## TASK ITEM
Check each line of the entries below for the word "featuring", and copy the lines that have it.

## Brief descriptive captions
-*-

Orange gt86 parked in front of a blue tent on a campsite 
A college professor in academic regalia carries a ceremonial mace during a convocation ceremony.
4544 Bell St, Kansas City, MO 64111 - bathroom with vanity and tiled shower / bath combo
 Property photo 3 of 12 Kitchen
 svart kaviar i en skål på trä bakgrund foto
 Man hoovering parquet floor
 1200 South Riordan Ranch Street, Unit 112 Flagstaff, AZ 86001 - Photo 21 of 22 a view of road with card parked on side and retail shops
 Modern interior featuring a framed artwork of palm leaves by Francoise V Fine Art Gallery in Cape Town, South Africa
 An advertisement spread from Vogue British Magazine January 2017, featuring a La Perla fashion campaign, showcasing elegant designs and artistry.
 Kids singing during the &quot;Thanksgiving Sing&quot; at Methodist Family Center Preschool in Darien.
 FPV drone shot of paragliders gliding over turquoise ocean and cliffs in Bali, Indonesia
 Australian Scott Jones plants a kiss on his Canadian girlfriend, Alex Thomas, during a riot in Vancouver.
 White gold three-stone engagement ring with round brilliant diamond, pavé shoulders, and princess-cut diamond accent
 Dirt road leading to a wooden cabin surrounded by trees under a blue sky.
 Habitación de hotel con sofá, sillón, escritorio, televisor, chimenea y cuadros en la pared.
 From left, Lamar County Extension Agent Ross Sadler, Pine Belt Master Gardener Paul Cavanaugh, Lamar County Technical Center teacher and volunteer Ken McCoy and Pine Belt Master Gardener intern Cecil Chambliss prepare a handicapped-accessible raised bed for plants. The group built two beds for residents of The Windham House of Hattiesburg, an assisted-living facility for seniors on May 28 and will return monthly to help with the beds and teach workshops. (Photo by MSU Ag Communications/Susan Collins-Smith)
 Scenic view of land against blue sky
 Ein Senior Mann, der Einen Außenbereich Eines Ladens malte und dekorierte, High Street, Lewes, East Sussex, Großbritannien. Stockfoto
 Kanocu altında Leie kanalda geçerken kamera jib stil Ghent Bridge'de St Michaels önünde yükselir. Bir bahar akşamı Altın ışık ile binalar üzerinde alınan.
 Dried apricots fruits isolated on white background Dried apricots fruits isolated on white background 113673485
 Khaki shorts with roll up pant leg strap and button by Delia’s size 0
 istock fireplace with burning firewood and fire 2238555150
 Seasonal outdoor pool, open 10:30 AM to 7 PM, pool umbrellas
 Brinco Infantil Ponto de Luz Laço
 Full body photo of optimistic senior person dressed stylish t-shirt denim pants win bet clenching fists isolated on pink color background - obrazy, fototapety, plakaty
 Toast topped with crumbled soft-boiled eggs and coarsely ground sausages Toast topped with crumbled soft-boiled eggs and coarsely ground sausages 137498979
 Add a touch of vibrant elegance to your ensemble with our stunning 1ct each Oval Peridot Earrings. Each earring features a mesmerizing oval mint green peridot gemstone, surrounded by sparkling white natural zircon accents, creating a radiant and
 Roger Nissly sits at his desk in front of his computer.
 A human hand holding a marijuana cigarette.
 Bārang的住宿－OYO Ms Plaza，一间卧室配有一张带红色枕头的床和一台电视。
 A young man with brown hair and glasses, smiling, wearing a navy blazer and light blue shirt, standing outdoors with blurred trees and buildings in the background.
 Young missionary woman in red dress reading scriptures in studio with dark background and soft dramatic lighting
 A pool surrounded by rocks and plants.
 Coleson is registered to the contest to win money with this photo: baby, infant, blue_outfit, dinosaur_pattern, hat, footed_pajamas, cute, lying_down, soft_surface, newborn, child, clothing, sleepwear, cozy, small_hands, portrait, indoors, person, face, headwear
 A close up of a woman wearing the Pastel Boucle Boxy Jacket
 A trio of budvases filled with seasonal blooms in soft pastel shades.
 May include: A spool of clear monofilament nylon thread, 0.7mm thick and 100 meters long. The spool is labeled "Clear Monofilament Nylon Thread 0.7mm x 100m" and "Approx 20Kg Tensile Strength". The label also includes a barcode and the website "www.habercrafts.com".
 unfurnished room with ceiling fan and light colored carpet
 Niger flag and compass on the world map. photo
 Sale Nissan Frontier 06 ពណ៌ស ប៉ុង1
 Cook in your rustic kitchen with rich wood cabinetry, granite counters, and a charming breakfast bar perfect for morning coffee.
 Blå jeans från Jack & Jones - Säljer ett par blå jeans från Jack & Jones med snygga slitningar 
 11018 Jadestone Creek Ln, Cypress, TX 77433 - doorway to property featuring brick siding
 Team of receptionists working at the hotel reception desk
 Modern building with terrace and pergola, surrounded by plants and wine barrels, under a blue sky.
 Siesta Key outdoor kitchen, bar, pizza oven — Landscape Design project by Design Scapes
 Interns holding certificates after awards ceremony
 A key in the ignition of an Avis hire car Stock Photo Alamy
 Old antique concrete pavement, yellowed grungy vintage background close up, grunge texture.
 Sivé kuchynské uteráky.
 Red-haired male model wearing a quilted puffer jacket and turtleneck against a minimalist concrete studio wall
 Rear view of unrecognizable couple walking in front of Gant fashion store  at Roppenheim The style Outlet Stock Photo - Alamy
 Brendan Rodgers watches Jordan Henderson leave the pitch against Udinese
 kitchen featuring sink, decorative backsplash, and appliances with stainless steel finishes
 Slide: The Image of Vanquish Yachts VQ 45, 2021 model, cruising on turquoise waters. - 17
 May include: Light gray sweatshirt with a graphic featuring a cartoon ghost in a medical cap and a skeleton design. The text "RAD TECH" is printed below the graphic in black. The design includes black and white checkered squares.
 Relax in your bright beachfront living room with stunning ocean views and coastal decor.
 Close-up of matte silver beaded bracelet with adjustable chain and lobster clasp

-*-

## ANSWER SECTION
 Modern interior featuring a framed artwork of palm leaves by Francoise V Fine Art Gallery in Cape Town, South Africa
 An advertisement spread from Vogue British Magazine January 2017, featuring a La Perla fashion campaign, showcasing elegant designs and artistry.
 11018 Jadestone Creek Ln, Cypress, TX 77433 - doorway to property featuring brick siding
 kitchen featuring sink, decorative backsplash, and appliances with stainless steel finishes
 May include: Light gray sweatshirt with a graphic featuring a cartoon ghost in a medical cap and a skeleton design. The text "RAD TECH" is printed below the graphic in black. The design includes black and white checkered squares.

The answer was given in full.